The larger point, he says, is that Russia, Iran, China, North Korea and lesser totalitarian states—Cuba, Venezuela, Nicaragua—will do anything to avoid direct confrontation with the U.S. “They fight against America,” he says, “but they always fight through somebody else. They attack Israel, they attack Ukraine. China may attack Taiwan at any moment, maybe even the Philippines. But they don’t want confrontation with United States because they know that’s suicide.”

On this point I suspect Mr. Yarim-Agaev could speak indefinitely, and owing to the bourbon and a particularly addictive brand of pretzel, I am inclined to let him. But one point I need him to address: What about the argument, heard on segments of the right since the war began—Vice President-elect JD Vance has repeated the charge—that Ukraine is corrupt and certain to squander whatever aid the U.S. sends?

“Baseless,” Mr. Yarim-Agaev says. “The best proof that it isn’t so is the effectiveness of Ukraine’s army in using American weapons, which has exceeded Western military experts’ expectations. This would not have happened if significant part of our equipment had not reached its destination.” The claim has more to do, in his view, with the “completely erroneous” perception that Ukraine had something to do with Mr. Trump’s December 2019 impeachment and Mr. Biden’s election the following year. The assertion that venality is a sufficient reason for one democratic nation not to aid another in a time of war sounds particularly odd coming from political figures, like Mr. Vance, who allege corruption at the highest levels of the U.S. government.

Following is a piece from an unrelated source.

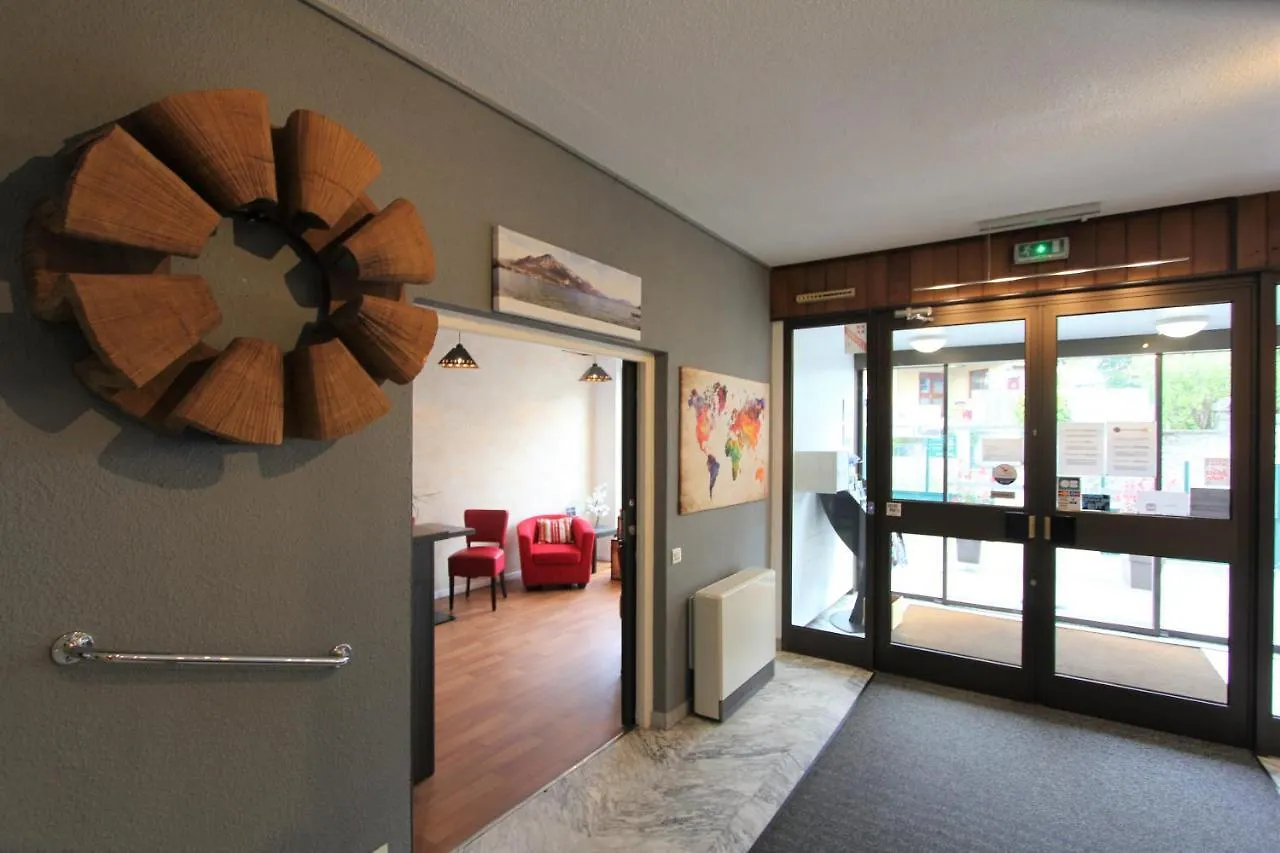 Hotel Les Afforets La Roche-sur-Foron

For Mr. Yarim-Agaev, the risks of arming Ukraine, corrupt or not, are nothing compared with the peril of communicating weakness to Mr. Putin. “There is no way to pretend that Ukrainian defeat would be not one more defeat for America,” he says. “We just lost war in Afghanistan, and if we give up on Ukraine now, it’ll be followed by another loss. If Putin gets territories he already occupies, it’ll be clear victory for him, clear loss and defeat for Ukraine, and clear defeat for America.”

Giving up on Ukraine, or forcing it to accept terms odious to its people, “is incompatible with position, peace through strength,” Mr. Yarim-Agaev says, employing a phrase Mr. Trump and those around him often use. “You cannot implement policy of peace through strength by losing wars.”